The sell-off on Thursday ended a four-day rebound for stocks, which had been bouncing back from a plunge in January. That drop had more to do with concerns about the economy, and what higher interest rates mean for businesses, consumers and stock investors — as the Federal Reserve gears up to start increasing borrowing costs to cool down inflation.

On the economic front, the Labor Department reported another dip in initial jobless claims on Thursday, falling 23,000 to 238,000 last week. The data signals the Omicron wave is receding.

But the major economic news for the week will be the jobs report on Friday, which will offer a more detailed look at hiring in January — when the latest coronavirus wave was at its most disruptive.
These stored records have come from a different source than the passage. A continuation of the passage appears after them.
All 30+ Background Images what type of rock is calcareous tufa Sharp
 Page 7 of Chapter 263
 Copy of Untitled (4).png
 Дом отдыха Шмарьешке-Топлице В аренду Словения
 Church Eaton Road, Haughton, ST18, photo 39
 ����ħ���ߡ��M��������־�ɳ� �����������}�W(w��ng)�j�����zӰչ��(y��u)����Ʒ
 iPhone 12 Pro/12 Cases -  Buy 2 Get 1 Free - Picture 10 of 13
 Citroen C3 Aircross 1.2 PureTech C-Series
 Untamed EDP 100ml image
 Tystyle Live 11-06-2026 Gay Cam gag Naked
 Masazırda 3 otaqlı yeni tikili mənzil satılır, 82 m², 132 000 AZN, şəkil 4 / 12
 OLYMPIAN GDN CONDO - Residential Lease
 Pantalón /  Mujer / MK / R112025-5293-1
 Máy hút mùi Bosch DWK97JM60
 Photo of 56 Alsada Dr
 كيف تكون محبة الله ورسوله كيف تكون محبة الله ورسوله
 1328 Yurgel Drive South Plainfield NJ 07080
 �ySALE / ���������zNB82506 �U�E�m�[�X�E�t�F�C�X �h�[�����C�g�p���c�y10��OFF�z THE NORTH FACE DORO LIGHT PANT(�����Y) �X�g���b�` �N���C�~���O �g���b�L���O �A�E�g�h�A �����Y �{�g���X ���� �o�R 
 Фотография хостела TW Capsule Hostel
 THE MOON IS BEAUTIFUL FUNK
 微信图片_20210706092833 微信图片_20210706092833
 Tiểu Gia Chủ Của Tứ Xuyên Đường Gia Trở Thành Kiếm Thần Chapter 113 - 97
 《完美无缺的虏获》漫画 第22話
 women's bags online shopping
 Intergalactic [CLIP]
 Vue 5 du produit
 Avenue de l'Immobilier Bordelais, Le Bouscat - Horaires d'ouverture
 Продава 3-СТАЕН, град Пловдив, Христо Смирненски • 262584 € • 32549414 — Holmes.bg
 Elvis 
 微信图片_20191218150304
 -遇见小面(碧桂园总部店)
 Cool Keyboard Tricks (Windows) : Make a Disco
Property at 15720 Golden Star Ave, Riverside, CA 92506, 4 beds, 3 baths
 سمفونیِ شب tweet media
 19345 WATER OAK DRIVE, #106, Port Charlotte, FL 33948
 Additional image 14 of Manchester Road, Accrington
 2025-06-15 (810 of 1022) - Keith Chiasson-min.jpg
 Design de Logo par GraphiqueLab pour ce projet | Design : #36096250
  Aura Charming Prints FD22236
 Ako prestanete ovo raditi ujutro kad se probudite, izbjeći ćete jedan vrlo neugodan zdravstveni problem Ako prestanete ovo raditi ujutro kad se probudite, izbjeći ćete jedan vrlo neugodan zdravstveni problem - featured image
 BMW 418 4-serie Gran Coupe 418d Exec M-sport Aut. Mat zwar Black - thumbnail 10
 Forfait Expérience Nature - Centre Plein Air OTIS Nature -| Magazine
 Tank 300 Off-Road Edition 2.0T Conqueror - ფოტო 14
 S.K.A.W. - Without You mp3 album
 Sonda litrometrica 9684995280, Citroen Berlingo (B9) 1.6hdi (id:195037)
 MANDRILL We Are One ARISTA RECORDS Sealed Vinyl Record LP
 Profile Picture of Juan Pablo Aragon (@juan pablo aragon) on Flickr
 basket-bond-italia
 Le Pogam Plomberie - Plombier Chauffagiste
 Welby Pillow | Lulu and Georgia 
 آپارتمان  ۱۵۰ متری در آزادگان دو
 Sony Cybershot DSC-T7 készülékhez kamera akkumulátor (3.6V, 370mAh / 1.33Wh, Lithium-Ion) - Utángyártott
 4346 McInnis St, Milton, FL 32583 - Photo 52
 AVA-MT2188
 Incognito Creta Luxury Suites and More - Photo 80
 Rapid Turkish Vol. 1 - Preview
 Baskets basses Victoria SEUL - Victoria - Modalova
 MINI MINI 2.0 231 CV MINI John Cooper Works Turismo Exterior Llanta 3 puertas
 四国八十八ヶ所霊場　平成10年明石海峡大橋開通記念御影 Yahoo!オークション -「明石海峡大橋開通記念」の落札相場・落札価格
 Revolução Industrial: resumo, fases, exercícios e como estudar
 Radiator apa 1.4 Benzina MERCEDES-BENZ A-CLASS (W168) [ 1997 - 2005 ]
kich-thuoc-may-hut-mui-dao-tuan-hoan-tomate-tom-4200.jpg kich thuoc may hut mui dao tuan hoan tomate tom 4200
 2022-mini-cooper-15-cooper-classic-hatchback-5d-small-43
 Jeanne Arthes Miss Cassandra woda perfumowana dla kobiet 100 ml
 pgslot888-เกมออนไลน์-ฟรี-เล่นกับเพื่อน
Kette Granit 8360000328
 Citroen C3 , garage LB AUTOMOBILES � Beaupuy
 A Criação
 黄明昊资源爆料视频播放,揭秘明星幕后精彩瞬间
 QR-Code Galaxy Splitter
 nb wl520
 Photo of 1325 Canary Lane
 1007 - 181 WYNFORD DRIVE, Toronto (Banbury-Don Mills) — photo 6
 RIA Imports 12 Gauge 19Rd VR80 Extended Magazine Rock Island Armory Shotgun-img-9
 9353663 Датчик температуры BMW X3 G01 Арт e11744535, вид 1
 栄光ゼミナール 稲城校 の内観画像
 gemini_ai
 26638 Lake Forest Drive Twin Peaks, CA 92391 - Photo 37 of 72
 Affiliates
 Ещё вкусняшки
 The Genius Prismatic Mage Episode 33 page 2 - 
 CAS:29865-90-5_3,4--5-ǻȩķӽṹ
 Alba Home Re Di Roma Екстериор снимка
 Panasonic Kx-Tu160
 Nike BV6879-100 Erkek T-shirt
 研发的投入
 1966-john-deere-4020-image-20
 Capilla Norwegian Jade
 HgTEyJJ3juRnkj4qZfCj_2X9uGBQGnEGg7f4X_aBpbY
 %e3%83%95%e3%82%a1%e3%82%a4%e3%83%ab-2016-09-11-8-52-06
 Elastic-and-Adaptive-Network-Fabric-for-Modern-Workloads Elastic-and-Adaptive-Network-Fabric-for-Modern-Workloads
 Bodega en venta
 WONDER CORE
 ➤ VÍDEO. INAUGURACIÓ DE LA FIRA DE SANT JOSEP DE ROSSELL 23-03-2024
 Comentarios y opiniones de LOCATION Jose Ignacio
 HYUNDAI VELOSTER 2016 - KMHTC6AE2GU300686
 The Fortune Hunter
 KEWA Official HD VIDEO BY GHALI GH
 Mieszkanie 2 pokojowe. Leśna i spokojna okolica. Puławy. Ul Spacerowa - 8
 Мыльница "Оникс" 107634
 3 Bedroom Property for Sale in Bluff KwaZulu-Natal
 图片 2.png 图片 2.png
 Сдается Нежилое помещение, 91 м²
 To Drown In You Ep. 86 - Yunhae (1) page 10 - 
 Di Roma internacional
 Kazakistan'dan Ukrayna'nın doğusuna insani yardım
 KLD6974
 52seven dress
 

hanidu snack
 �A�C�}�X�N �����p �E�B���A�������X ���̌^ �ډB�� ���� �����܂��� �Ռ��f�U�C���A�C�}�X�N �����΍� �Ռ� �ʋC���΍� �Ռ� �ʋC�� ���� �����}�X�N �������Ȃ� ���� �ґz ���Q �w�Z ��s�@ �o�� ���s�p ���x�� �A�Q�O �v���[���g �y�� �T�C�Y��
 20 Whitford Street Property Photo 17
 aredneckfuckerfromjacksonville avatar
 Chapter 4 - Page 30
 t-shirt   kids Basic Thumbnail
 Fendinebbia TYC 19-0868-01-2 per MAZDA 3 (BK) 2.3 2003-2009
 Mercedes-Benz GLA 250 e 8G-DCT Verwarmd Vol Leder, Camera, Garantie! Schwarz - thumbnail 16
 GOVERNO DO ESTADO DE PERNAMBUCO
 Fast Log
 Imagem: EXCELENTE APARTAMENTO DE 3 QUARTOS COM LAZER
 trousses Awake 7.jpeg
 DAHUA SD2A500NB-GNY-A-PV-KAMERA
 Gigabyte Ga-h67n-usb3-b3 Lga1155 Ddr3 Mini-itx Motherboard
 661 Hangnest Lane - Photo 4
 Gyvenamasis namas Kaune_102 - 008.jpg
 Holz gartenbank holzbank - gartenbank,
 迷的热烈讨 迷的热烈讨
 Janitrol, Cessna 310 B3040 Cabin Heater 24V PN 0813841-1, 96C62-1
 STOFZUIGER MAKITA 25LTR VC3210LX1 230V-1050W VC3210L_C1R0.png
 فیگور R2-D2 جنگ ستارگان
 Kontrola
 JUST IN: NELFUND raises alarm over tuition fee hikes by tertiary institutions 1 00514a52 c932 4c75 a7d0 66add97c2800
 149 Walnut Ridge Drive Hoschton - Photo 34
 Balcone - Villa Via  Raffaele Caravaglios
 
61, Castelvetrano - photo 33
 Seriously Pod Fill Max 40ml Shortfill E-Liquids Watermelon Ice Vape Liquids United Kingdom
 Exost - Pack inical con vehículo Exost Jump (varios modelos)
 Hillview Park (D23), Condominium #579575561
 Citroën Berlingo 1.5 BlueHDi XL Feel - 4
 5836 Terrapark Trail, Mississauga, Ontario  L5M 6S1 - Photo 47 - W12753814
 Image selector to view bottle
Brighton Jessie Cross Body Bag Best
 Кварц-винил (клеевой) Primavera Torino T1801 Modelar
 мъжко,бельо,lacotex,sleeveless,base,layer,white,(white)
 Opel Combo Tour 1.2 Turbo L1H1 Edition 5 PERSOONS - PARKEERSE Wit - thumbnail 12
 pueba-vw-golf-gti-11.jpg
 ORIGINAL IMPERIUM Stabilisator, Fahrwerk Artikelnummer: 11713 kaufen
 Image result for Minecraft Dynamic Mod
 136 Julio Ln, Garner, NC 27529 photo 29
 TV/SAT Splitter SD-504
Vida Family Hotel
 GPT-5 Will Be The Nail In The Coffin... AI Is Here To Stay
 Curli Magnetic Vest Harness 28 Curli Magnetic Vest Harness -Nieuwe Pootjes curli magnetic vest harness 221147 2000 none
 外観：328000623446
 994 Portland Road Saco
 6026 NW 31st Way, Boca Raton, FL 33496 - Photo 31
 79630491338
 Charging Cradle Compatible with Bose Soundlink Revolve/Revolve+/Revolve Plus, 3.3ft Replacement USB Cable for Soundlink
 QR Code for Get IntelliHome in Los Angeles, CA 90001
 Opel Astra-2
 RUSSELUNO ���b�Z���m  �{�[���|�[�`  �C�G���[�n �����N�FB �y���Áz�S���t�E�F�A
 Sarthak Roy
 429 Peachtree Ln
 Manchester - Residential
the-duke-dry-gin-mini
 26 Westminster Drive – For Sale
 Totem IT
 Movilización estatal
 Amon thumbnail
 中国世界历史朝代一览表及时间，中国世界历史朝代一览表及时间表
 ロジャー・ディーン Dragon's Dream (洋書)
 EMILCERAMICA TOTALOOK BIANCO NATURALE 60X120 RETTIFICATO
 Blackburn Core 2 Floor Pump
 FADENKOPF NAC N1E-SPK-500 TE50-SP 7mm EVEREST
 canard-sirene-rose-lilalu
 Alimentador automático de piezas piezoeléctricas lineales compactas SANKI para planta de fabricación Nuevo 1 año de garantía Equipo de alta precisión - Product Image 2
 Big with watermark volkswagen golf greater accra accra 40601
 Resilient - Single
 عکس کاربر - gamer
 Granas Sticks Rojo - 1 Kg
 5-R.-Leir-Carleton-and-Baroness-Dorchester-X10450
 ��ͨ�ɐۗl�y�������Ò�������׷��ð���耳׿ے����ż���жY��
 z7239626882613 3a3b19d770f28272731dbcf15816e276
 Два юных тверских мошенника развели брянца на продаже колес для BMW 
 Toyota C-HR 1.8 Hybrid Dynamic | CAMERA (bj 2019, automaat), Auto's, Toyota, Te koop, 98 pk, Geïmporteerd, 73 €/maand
Highlighting the uncertainty around this month’s report, forecasts range from a gain of 250,000 jobs during the month to a loss of 400,000.

Economists see the January jobs report as an anomaly because a slew of measurement issues, data quirks and the Omicron wave mean it doesn’t offer a clear picture of the state of the labor market. Still, with the Fed now focused on inflation data and wage growth as it tries to assess how to best move forward with its plans to raise interest rates, the data will be closely scrutinized.